* [Description of the task] Starting at the line with "2022 Topps Chrome", retype every remaining line of the records exactly. Do not include pictures.
BEGIN Material shown
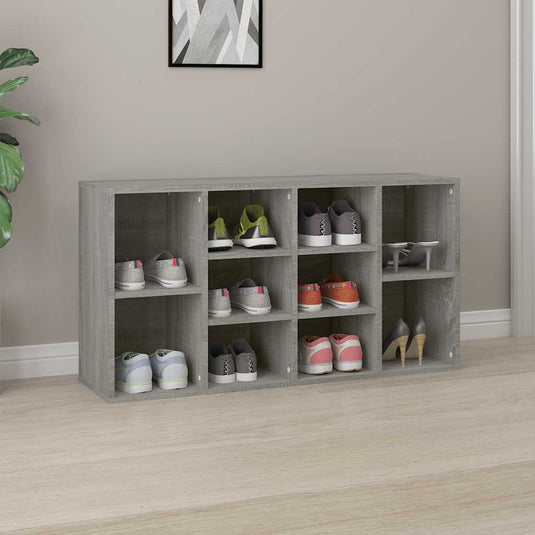 Vidaxl schoenenbank 103x30x55 cm bewerkt hout grijs sonoma eiken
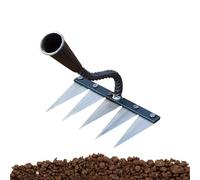 Tuin Dethatcher Hark, zware ijzeren wietharken, sterke ijzeren wiethark | Draagbare Dethatcher Carbon Garden Hark Hark, Tanden Gardenia IJzeren Wieden Hark voor tuinieren en wieden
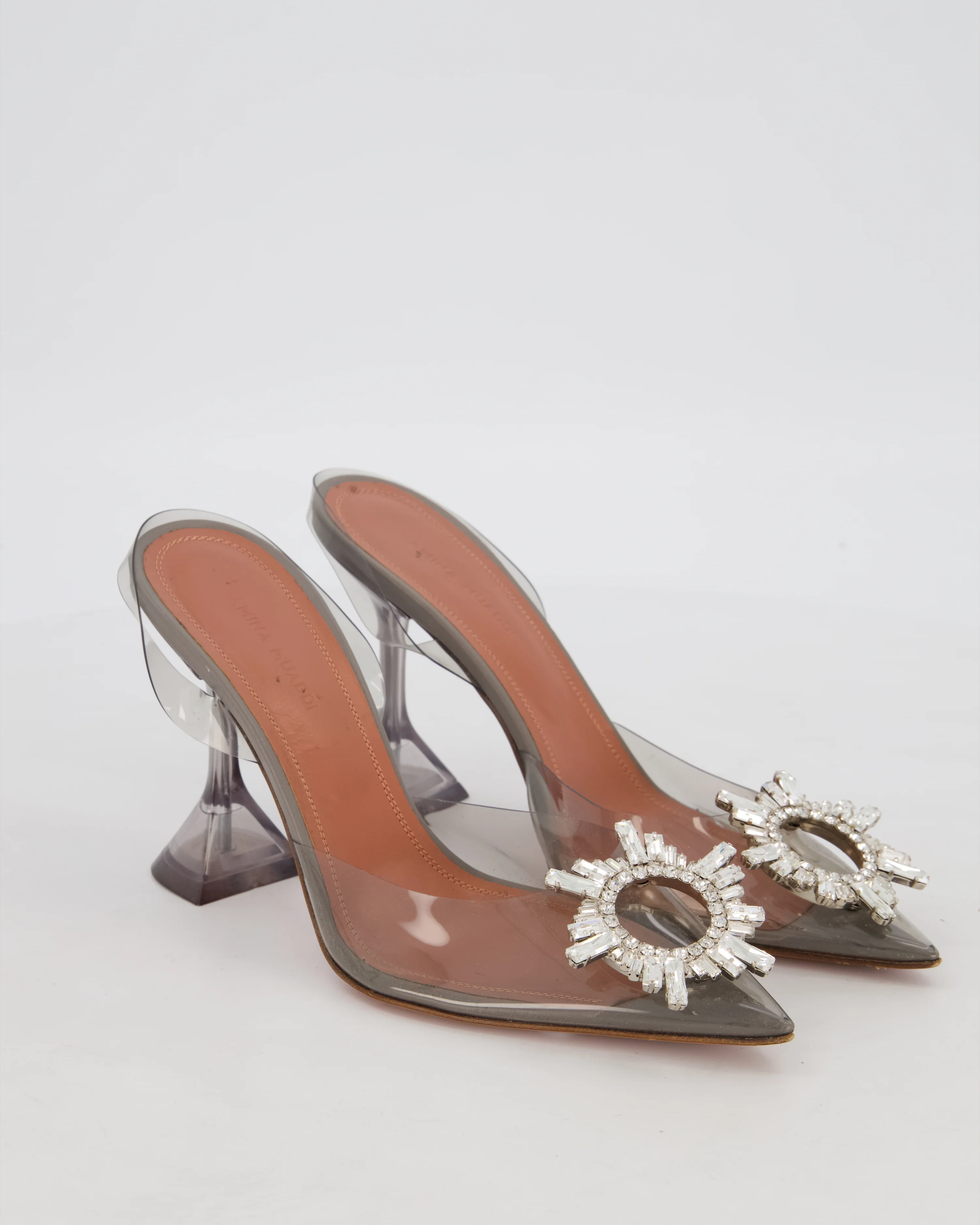 Amina Muaddi Begum Grey Transparent Crystal Embellished Heels Size EU 36.5 - Image 2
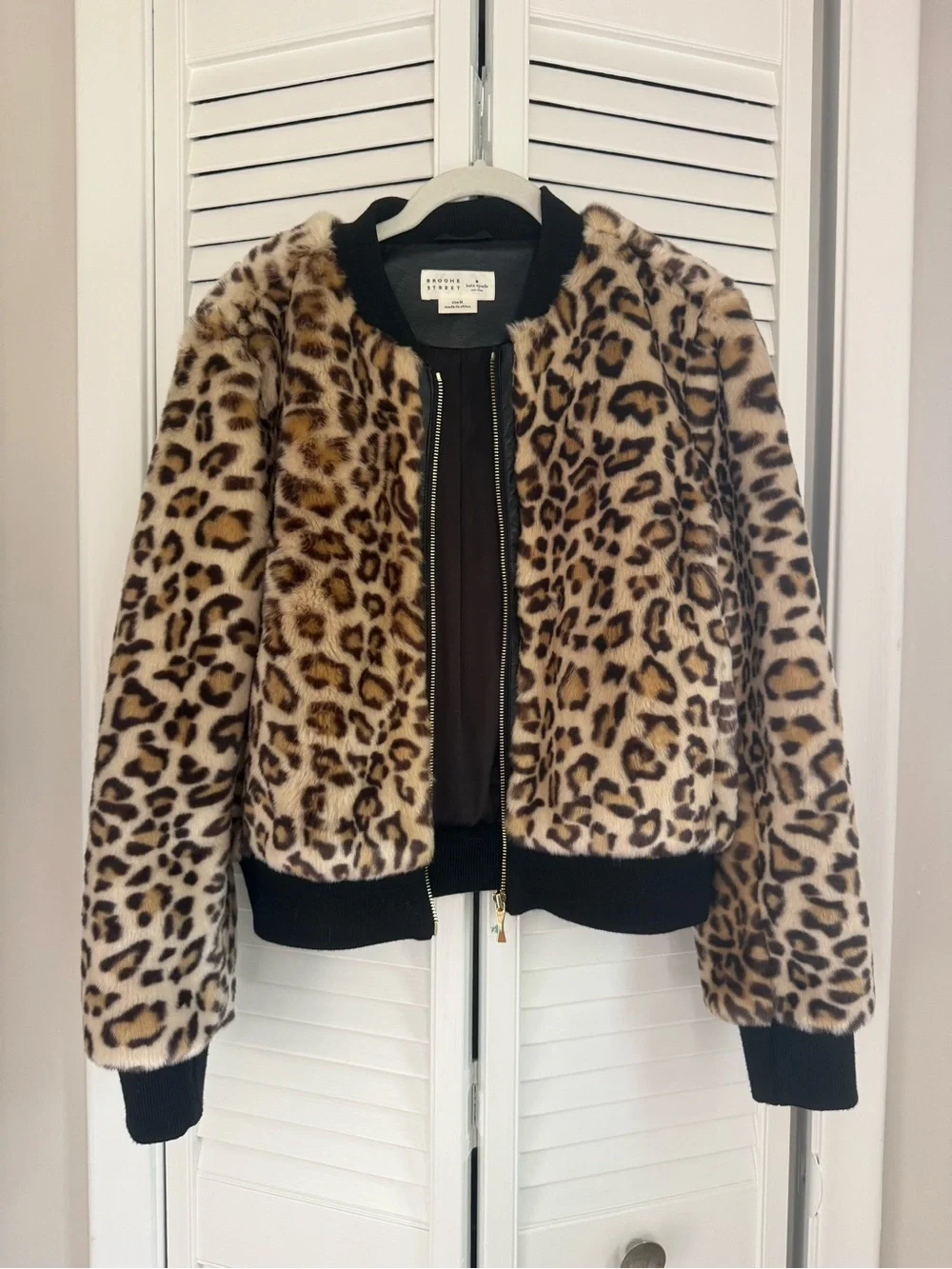 Kate Spade New York Leopard Faux Fur Bomber Jacket with Black Trim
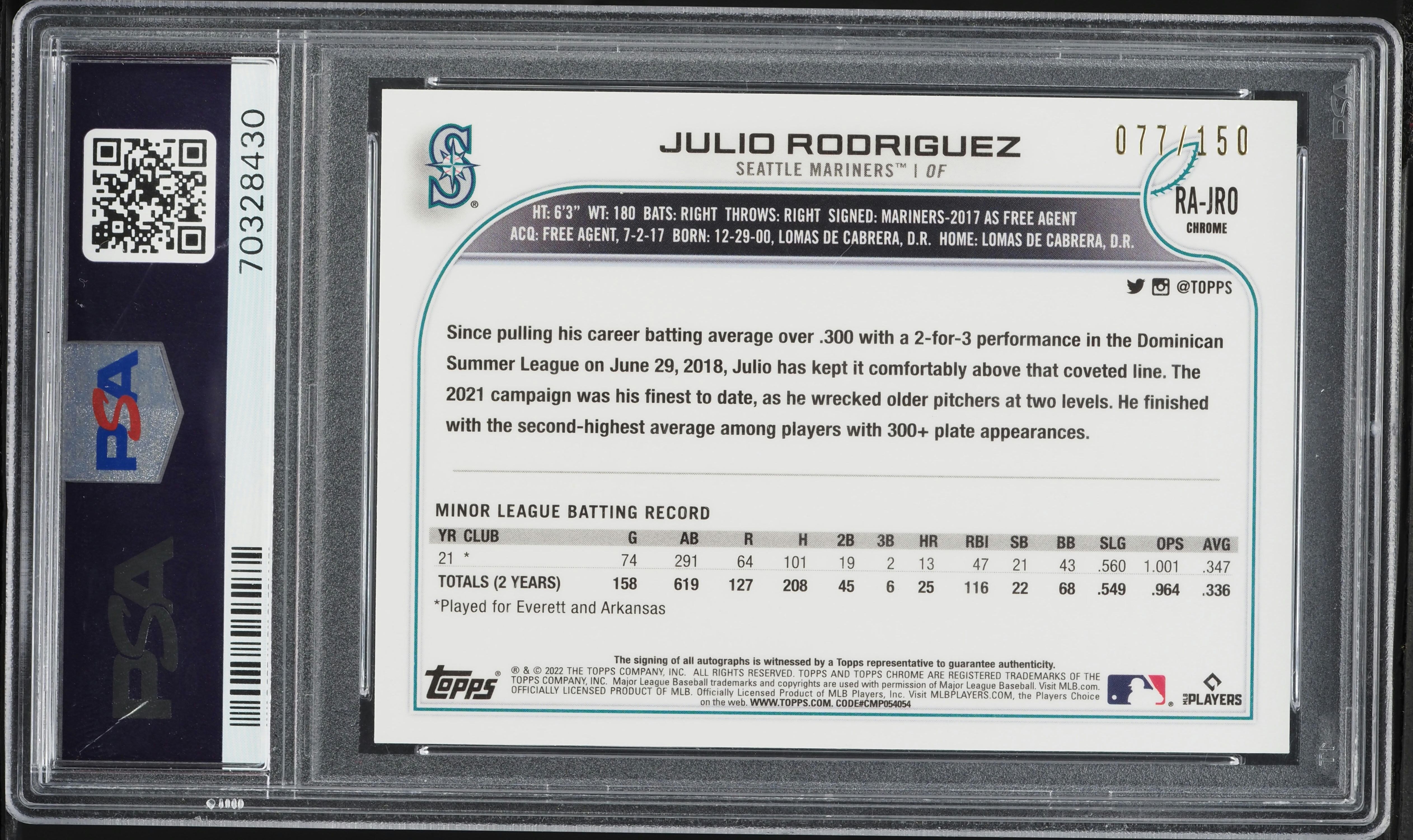 2022 Topps Chrome Blue Refractor Julio Rodriguez ROOKIE AUTO /150 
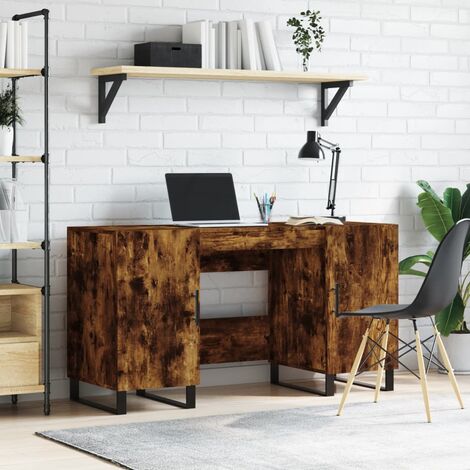 Bureau Informatique, Table de travail, Meuble de Bureau chêne fumé 140x50x75 cm bois d'ingénierie HYB40490 (1/5)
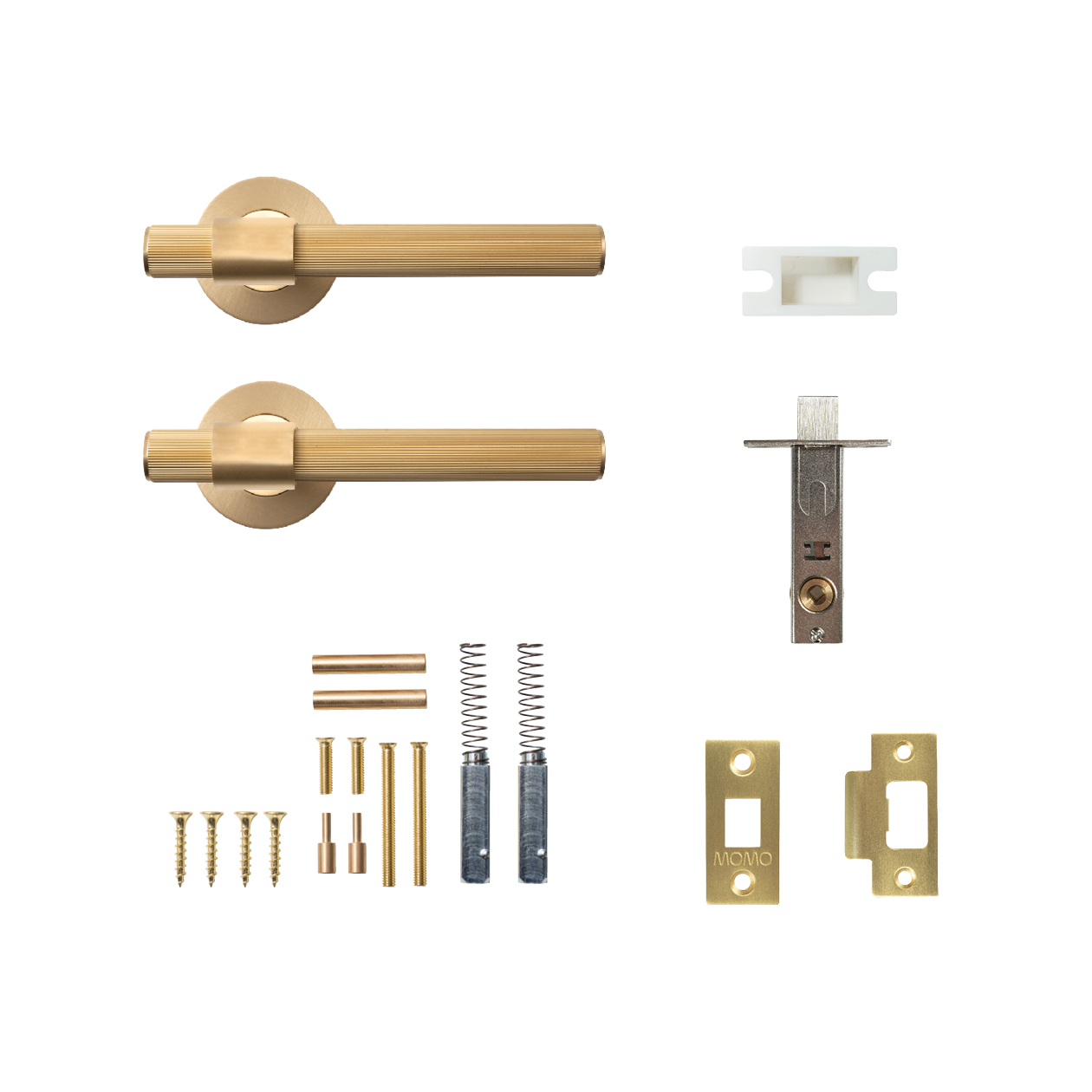 Momo Belgravia Solid Brass Lined Tubular Latch Passage Lever Set In Brushed Satin Brass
END Material shown
* [Task response]
 2022 Topps Chrome Blue Refractor Julio Rodriguez ROOKIE AUTO /150 
 Bureau Informatique, Table de travail, Meuble de Bureau chêne fumé 140x50x75 cm bois d'ingénierie HYB40490 (1/5)
 Momo Belgravia Solid Brass Lined Tubular Latch Passage Lever Set In Brushed Satin Brass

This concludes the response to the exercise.